Graceful shutdown on ctrl-c #9

jaywonchung · 2022-02-06T03:00:31Z

This PR attempts to gracefully shutdown SSH sessions when the user presses ctrl-c.

The overall flow of cancellation propagation is:

The user presses ctrl-c.
The handler closure (set by ctrlc::set_handler) assigns true to the variable cancelled: Arc<Mutex<bool>>.
The scheduling loop checks the value of cancelled at the beginning of every iteration. When true, it breaks.
All channel handles that are used to communicate with the SSH session tasks are explicitly droped.
For each SSH session task, whenever it sends or recvs from any of its channels, the channel will return an Err and the task will break out of the task execution loop.
For each SSH session, the session object will be dropped, terminating the SSH session.

As a side note, along the way, this PR fixes stream in Session by explicitly locking stdout. Without this, multiple calls to print! and println! are not coalesced. This lead to output lines from different commands mixing with each other.

Closes #3.

@NobodyXu Will you be interested in reviewing? Just asking since you have reviewed a lot of my code recently (and it benefited both me and Pegasus so much). Plus, I can add you as a collaborator if you'd like :)

src/main.rs

src/session.rs

NobodyXu · 2022-02-06T03:10:10Z

Cargo.toml

@@ -21,3 +21,4 @@ handlebars = "3"
 colored = "2"
 colourado = "0.2.0"
 memchr = "2.4.1"
+ctrlc = "3.2.1"


You can use tokio::signal::ctrl_c instead by enabling feature signal on dependency tokio.

It removes the need to use tokio::sync::Mutex<Bool> or tokio::sync::Notify altogether,

Oh god tokio has a lot of things. Are you thinking of something like this?

tokio::spawn(async move { loop { tokio::select!( _ = tokio::signal::ctrl_c() => break, _ = async { /* scheduling loop */ } => continue, ); } });

I suppose this kind of loop is totally OK, if everything in it is cancel safe.

I think tokio::signal::ctrl_c() can be called multiple times and all of these .await on it would return on receiving one ctrl_c signal, however since I don't have much experience with tokio::signal, I am not so sure.

The scheduling loop is probably not cancel safe. The scheduling loop is designed to check ctrl-c cancellation before fetching a new command from the queue, and I feel like awaiting on Notify::notified or ctrl_c will end up being async w.r.t the operations of the scheduling loop, making things difficult. Plus, if I'm going to refactor it as a task, then I should figure out a way to drop(command_txs), etc when the loop exits.

High chance that I'm not figuring out what you imagined how to use ctrl_c?

Very interesting suggestion! I think this will work for broadcast mode, but I'm not sure about queue mode. All in all this is a major rework of the core logic, so if the current one at least works, I think the refactoring should be done in a separate PR. Also, I feel like the suggestions about notify + tokio::sync::watch and using tokio::signal::ctrl_c are super nice, and I'll try to also incorporate those in the current architecture!

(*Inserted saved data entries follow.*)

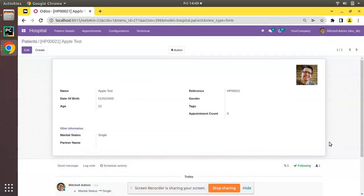Hello, good morning all. Today in this video we are going to discuss how to make a field read-only based on condition in Odoo. Currently on screen you are seeing Odoo version 15 Community Edition, where we are continuing our Odoo 15 development tutorials. In the previous video we showed how to make a field invisible based on condition, and now we will discuss how to make a field read-only based on conditions.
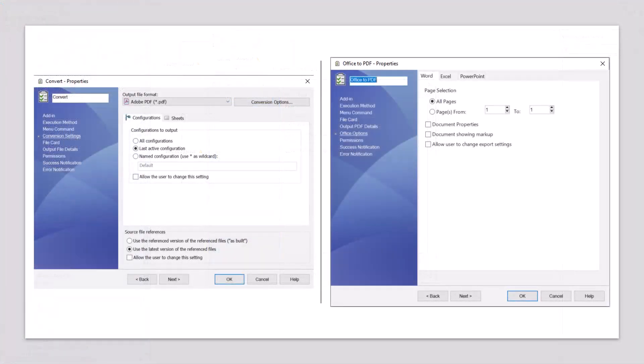In this video we saw how to add these two tasks into our vault, configure them, implement them into our workflow, and we saw the resulting PDF. This has been Automating Your Neutral File Creation. If you like this video, please be sure to check out our YouTube channel.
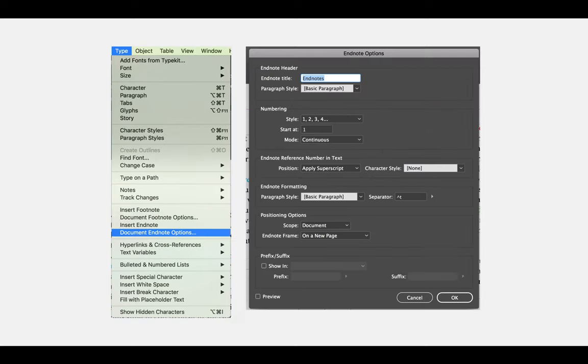The endnote options dialog is slightly different but still offers a number of choices, including how numbering is displayed and where it starts. Feel free to experiment and play around with this dialog box.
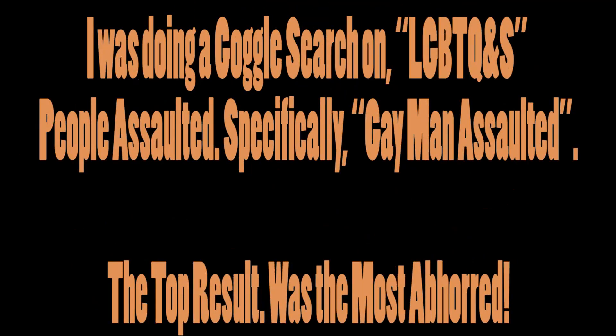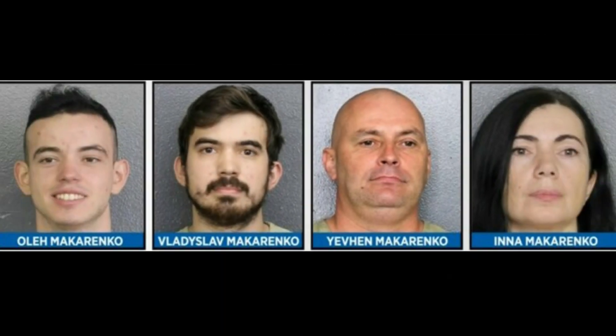I was doing a Google search on LGBTQ+ people assaulted. I did a Google search, specifically gay man assaulted. There were quite a few results, but the top one from April 22nd, 2022, Florida family, Makarenko, that's the family name, allegedly beat blind gay man.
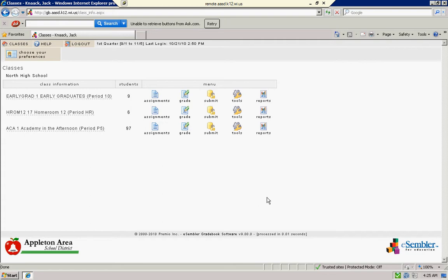So you're logged into eSsembler and now you're going to choose a class that you want to export your gradebook from.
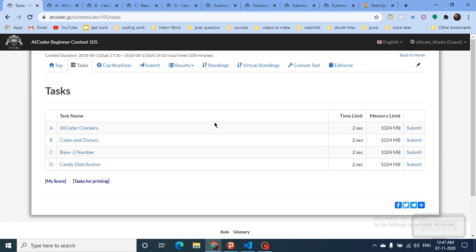Hello friends, today we're going to discuss all four problems from the AtCoder Beginner Contest 105. I've been solving AtCoder problems because they are very informative for beginners and intermediate persons. I will be regularly posting contest videos. I've also made playlists on binary search and backtracking, and will be uploading problems on other playlists, so stay tuned.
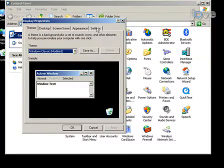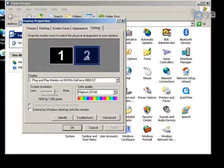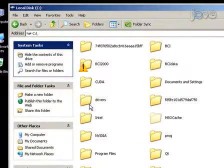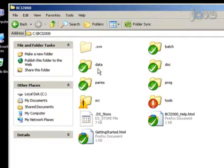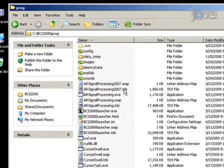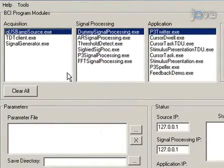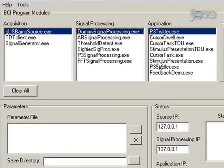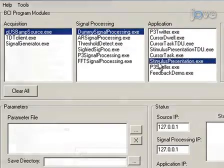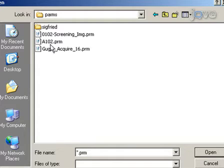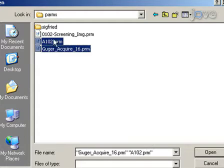To get started, configure the computer system for dual monitor mode. Start BCI 2000 from the BCI 2000 launcher by selecting your amplifier source module, the dummy signal processing module and the stimulus presentation module. Add the parameter files for your subject, the amplifier and the motor screening tasks, which you should configure ahead of time.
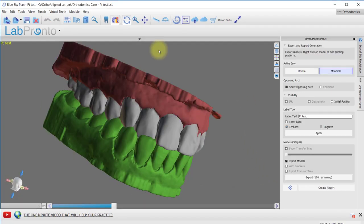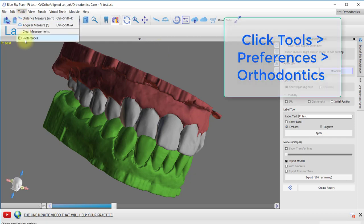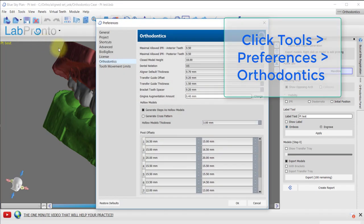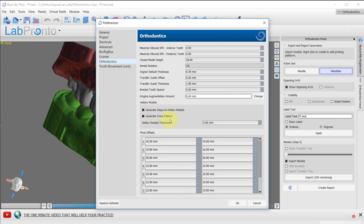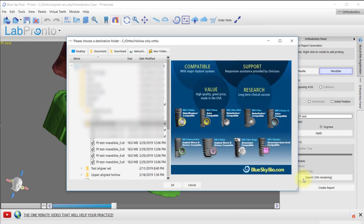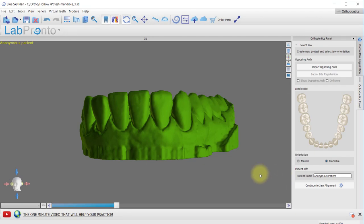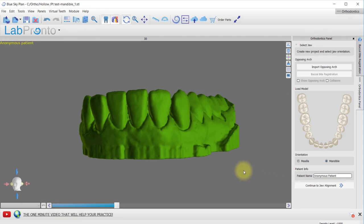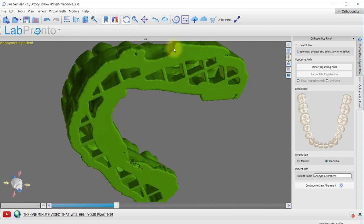In order to generate a hollow model with a crosshatch pattern base, go up to Tools, Preferences, Orthodontics, and click on Generate Cross Pattern. Click OK and Export. Here is an example of a crosshatched hollow model.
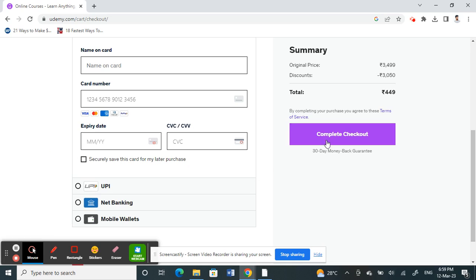So once you have made a purchase, what happens is that your payment method will be saved on Udemy. So by default it will be saved on the website, so when you make a purchase next time, you don't really have to enter everything.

All Sessions are stored in a Arc<HashMap<String, Session>>, with its name as the key. Since the hosts are loaded at the startup, it is perfectly OK to store them in a Arc<HashMap>.

I suppose it can even be a Arc<Vec<Session>> because sessions aren't really distinguished between each other.

Then, upon receiving new tasks, search for the corresponding Session and spawn a new task to execute the job.

Similarly, there is no "corresponding" session. In broadcast mode, all sessions will be used so that's not a problem, but in queue mode, we need to keep track of which sessions are currently free, and whenever a new command is fetched or a new session becomes free, we execute the command using the free session. To do so, we need to track the status (in use or free) of the sessions. From the top of my head, I suppose keeping is_free: Arc<Mutex<Vec<bool>>> and setting the flags at the beginning and end of each task would be an option, but that will require the scheduling loop to poll on the vector.

The main task can then call tokio::sync::Semaphore::acquire_many to wait for the completion of n tasks and uses tokio::sync::SemaphorePermit::forget to prevent the permit from being returned to the tokio::sync::Semaphore.

Definitely works for broadcast mode but we need something more fine-grained than acquire_many for queue mode.

By doing each job in a task instead of running every Session in a task, we can do graceful shutdown easily using tokio::signal::ctrl_c.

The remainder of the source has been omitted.